§ **Activity**
Line by line, copy the listing below exactly.

§ **Dataset**

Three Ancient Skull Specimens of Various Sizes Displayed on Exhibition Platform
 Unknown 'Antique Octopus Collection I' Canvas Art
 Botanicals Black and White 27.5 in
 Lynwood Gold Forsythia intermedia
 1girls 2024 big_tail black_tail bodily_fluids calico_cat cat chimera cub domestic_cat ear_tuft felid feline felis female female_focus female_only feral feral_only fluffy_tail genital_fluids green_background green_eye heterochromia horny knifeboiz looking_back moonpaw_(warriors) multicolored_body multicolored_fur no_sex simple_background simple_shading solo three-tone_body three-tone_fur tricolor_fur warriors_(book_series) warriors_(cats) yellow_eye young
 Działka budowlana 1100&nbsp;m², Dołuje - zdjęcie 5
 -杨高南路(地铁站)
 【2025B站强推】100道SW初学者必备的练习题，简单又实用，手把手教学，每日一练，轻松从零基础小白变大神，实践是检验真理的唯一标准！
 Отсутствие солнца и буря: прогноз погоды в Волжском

§ **Answer space**
Three Ancient Skull Specimens of Various Sizes Displayed on Exhibition Platform
 Unknown 'Antique Octopus Collection I' Canvas Art
 Botanicals Black and White 27.5 in
 Lynwood Gold Forsythia intermedia
 1girls 2024 big_tail black_tail bodily_fluids calico_cat cat chimera cub domestic_cat ear_tuft felid feline felis female female_focus female_only feral feral_only fluffy_tail genital_fluids green_background green_eye heterochromia horny knifeboiz looking_back moonpaw_(warriors) multicolored_body multicolored_fur no_sex simple_background simple_shading solo three-tone_body three-tone_fur tricolor_fur warriors_(book_series) warriors_(cats) yellow_eye young
 Działka budowlana 1100&nbsp;m², Dołuje - zdjęcie 5
 -杨高南路(地铁站)
 【2025B站强推】100道SW初学者必备的练习题，简单又实用，手把手教学，每日一练，轻松从零基础小白变大神，实践是检验真理的唯一标准！
 Отсутствие солнца и буря: прогноз погоды в Волжском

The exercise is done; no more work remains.